I remember cornering Helen Thomas at the 2000 Republican convention in Philadelphia. I needed some “esteemed” political reporter to interveiw for National Public Radio and I figured that a woman the same age as my recently deceased mother would certainly fit the bill. Few living reporters have covered the White House or Washington longer. Surely, she could offer rich and deep perspective.
I was also a little fatigued by the younger, more corporate news person that we have a surplus of these days.
I had just left ABC News where the Disney company was cleaning house of all the experienced news people and replacing its staff with the Mouseketeer club. The thinking was that young, inexperienced people would be best for packaging news for the younger crowd, ie, the crowd that most appeals to Madison Avenue advertisers. (The strategy didn’t work of course, as CBS and Bob Schiefer are proving.)

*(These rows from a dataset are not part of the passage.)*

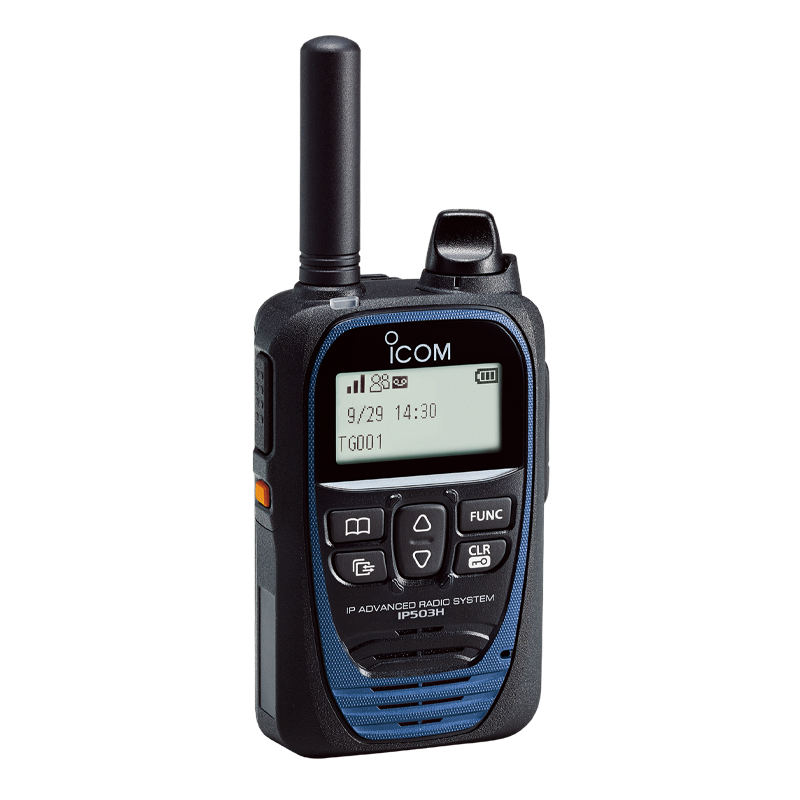 icom-ip503h-lite | Radio Industries Australia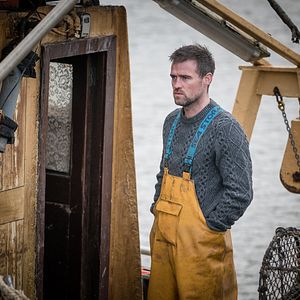 Photo The Bay : Enquêtes à Morecambe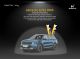 Miracle Elite PPF  (TPU) Complete Protection  for Large SUV  Kia Sorento 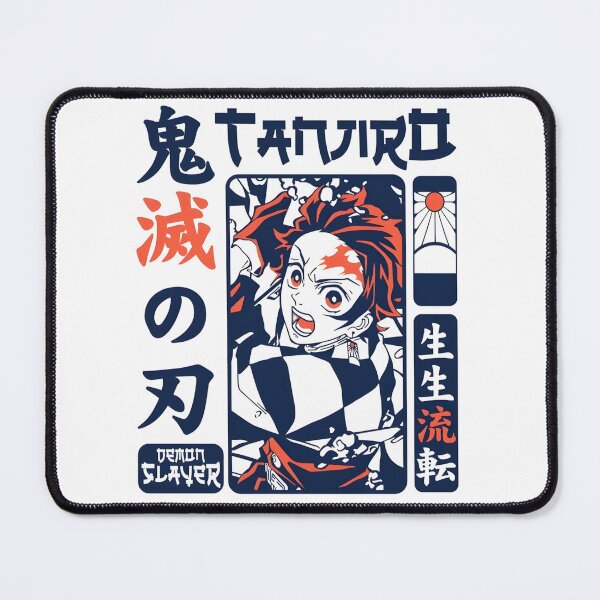 Item preview, Tanjiro designed and sold by altimento.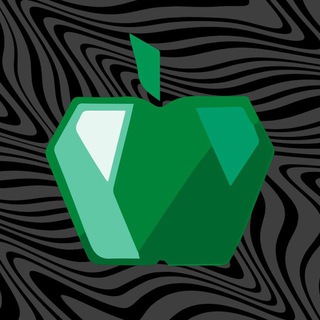 Логотип канала youthapple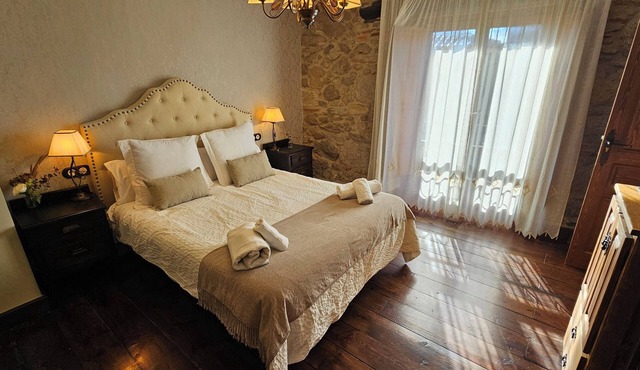 Hotel La Clerecía De Ledesma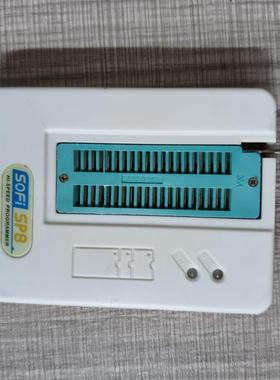 SOFi硕飞烧录器SP8-FX
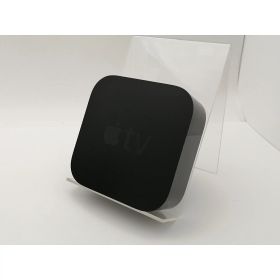 【中古】Apple Apple TV HD (第4世代/2015) 32GB MR912J/A【三宮センター】保証期間1週間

Today, everyone is celebrating Thomas, nearing her 86th birthday, for yesterday’s questioning President Bush about his reasons for invading Iraq. And Thomas herself is berating the news media in The Nation:
Of all the unhappy trends I have witnessed — conservative swings on television networks, dwindling newspaper circulation, the jailing of reporters and “spin” — nothing is more troubling to me than the obsequious press during the run-up to the invasion of Iraq. They lapped up everything the Pentagon and White House could dish out–no questions asked.
Funny, Helen had just left UPI and joined Hearst Newspapers as a columnist. She was having trouble transitioning as a columnist, she said. “I don’t know about him,” she told me of Bush. “Why does he think he should be president?”
I suggested she just write as though she were talking to friends.
I mentioned that the NPR’s VP of news, Bruce Drake, at the time. “Yeah, she’s not columnist material,” he said.
Well, she is now:
My concern is why the nation’s media were so gullible. Did they really think it was all going to be so easy, a “cakewalk,” a superpower invading a Third World country? Why did the Washington press corps forgo its traditional skepticism? Why did reporters become cheerleaders for a deceptive Administration? Could it be that no one wanted to stand alone outside Washington’s pack journalism?
I guess old dogs can learn new tricks — and teach a few to the lap dogs.